**WHAT THE TASK REQUIRES:** Return the opening lines of the material, word for word. End with the line that contains "4.5 Triangle Square".

**PROVIDED RECORDS:**
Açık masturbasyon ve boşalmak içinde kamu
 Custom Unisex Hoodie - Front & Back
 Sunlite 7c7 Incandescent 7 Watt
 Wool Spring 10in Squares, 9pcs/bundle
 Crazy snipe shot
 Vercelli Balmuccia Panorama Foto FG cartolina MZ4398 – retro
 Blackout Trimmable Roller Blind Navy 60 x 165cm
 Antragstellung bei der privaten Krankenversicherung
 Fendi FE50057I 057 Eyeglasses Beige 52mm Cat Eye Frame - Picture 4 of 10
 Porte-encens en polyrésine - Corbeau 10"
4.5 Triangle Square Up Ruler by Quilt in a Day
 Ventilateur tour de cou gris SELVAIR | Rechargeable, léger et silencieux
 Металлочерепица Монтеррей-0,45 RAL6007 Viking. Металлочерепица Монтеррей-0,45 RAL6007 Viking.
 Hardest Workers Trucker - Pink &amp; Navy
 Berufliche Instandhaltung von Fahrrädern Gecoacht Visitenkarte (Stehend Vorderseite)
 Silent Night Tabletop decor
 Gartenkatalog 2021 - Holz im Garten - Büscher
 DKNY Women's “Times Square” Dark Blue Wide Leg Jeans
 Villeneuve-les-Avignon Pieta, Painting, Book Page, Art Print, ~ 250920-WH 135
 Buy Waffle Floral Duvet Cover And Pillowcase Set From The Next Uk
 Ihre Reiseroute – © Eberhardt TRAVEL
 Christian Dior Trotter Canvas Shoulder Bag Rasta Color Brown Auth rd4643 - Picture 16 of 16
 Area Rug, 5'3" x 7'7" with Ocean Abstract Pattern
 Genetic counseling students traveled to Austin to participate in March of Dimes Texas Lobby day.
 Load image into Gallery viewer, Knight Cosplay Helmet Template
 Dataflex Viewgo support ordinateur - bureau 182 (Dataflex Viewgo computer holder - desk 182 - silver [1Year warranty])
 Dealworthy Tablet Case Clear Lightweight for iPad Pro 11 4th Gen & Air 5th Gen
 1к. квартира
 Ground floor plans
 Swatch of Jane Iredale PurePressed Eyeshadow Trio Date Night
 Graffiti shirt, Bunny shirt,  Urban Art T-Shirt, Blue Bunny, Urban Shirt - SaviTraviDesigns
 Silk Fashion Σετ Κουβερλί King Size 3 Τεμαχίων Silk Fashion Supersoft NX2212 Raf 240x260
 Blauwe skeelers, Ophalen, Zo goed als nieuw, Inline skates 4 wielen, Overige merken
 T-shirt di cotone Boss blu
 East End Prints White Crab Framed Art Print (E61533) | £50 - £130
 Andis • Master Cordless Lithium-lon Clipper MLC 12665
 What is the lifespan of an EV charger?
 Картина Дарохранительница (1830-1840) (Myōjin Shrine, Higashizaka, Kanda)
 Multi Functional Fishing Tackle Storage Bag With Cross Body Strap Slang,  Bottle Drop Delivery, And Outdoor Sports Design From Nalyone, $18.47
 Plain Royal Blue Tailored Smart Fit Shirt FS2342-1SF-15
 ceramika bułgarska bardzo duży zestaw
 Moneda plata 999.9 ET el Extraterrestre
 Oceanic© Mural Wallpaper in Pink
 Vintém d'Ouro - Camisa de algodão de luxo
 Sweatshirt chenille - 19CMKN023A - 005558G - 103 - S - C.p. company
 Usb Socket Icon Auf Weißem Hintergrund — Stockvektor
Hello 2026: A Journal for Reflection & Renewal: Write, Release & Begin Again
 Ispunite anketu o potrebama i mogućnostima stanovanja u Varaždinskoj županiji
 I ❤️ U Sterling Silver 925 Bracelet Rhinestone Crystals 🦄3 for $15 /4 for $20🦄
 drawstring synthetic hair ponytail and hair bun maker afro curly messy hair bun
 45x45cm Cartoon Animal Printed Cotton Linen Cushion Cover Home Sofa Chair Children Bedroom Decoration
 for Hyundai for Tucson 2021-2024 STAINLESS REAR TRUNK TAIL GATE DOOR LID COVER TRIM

**ANSWER TO THE PROBLEM:**
Açık masturbasyon ve boşalmak içinde kamu
 Custom Unisex Hoodie - Front & Back
 Sunlite 7c7 Incandescent 7 Watt
 Wool Spring 10in Squares, 9pcs/bundle
 Crazy snipe shot
 Vercelli Balmuccia Panorama Foto FG cartolina MZ4398 – retro
 Blackout Trimmable Roller Blind Navy 60 x 165cm
 Antragstellung bei der privaten Krankenversicherung
 Fendi FE50057I 057 Eyeglasses Beige 52mm Cat Eye Frame - Picture 4 of 10
 Porte-encens en polyrésine - Corbeau 10"
4.5 Triangle Square Up Ruler by Quilt in a Day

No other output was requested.